Rossellini en est l’exemple le plus éclatant : il filme Rome, ville ouverte en 1945 alors que la ville vient tout juste d’être libérée. Acteurs, techniciens, habitants participent ; certains ont combattu dans la Résistance. Le film devient un manifeste moral : filmer la souffrance, la lutte, la mort, mais aussi la solidarité.

Ce n’est plus seulement de l’art.

C’est du cinéma comme témoignage, un devoir de mémoire immédiat.

Le devoir de résistance : une idée fondatrice du mouvement

Le néoréalisme naît donc d’une conviction partagée : le cinéma doit dire la vérité, même quand elle dérange. Et parfois, dire la vérité c’est résister.

Ce devoir de résistance s’exprime :

Le néoréalisme n’est pas seulement une esthétique. C’est une philosophie : filmer l’humain honnêtement est un acte moral.

« Montrer la réalité, c’était déjà s’opposer. Tendre une caméra vers les oubliés du pays, c’était un geste de résistance. »

Trois films pour entrer dans le mouvement

Rome, ville ouverte (Rossellini, 1945)

Tourné dans l’urgence, avec des rues encore marquées par la guerre. Un choc pour le public, un cri de vérité.

Le Voleur de bicyclette (De Sica, 1948)

Un père cherche sa bicyclette volée, essentielle pour travailler. Un des films les plus émouvants du cinéma mondial.

Umberto D. (De Sica, 1952)

Portrait bouleversant d’un retraité oublié. Un film simple, dépouillé… et pourtant immense.

FAQ – Néoréalisme italien

Quelques réponses rapides pour mieux comprendre le néoréalisme italien, son histoire et ses films incontournables.

Le néoréalisme italien est un mouvement cinématographique né dans les années 1940 qui filme la vie réelle des classes populaires, souvent en décors naturels et avec des acteurs non professionnels. Il cherche à montrer le quotidien tel qu’il est, sans artifices.

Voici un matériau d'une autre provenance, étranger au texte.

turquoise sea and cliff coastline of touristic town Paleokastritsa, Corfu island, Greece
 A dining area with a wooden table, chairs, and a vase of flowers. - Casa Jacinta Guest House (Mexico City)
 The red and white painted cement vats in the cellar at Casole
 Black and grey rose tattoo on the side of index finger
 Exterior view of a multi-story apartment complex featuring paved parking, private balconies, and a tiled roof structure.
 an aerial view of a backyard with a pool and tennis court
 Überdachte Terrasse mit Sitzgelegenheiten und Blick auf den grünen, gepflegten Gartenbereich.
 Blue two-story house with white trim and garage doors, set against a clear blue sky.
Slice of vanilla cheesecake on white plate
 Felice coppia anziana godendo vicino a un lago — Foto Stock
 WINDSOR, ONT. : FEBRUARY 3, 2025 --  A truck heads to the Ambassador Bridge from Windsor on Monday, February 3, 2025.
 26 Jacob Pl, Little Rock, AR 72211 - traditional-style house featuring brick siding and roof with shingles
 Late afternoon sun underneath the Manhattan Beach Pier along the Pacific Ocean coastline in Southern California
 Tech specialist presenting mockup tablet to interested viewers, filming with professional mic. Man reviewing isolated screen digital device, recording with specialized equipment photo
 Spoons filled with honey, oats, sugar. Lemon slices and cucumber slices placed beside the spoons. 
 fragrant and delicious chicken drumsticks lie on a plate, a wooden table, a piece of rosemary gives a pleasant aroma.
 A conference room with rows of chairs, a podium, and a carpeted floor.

Le terme a été employé pour la première fois en 1942 par le critique Umberto Barbaro, professeur au Centro Sperimentale, pour désigner une nouvelle tendance du cinéma italien plus réaliste, sociale et opposée aux illusions du cinéma fasciste.

Après la guerre, l’Italie est en ruines : pauvreté, chômage, destructions et familles fragilisées. Les studios étant partiellement inutilisables, les cinéastes tournent en extérieur et s’inspirent de la réalité sociale. Cela donne naissance à un cinéma authentique et urgent.

Les thèmes majeurs sont la pauvreté, la dignité humaine, la famille, le travail, les injustices sociales et la vie quotidienne des classes populaires. Ce sont des thèmes universels qui résonnent encore aujourd’hui.

Les figures majeures sont Roberto Rossellini, Vittorio De Sica et Luchino Visconti. Chacun apporte une approche différente mais tous partagent une vision humaniste et engagée du cinéma.

Les films les plus emblématiques sont Rome, ville ouverte (Rossellini, 1945), Le Voleur de bicyclette (De Sica, 1948) et Umberto D. (De Sica, 1952). Ces œuvres illustrent parfaitement l’esprit du mouvement.

Parce qu’il s’oppose aux mensonges du cinéma de propagande fasciste. Filmer la réalité sociale, les ruines et la misère était déjà un acte moral et politique. Montrer la vérité devenait une forme de résistance.

Le néoréalisme a influencé la Nouvelle Vague française, le cinéma social britannique, le cinéma indépendant américain et de nombreux réalisateurs contemporains. Il est considéré comme l’un des fondements du cinéma moderne.

Le néoréalisme n’existe plus sous sa forme originelle mais son héritage perdure à travers le cinéma social et réaliste moderne, chez des auteurs comme les frères Dardenne, Ken Loach, Abbas Kiarostami ou certains cinéastes italiens contemporains.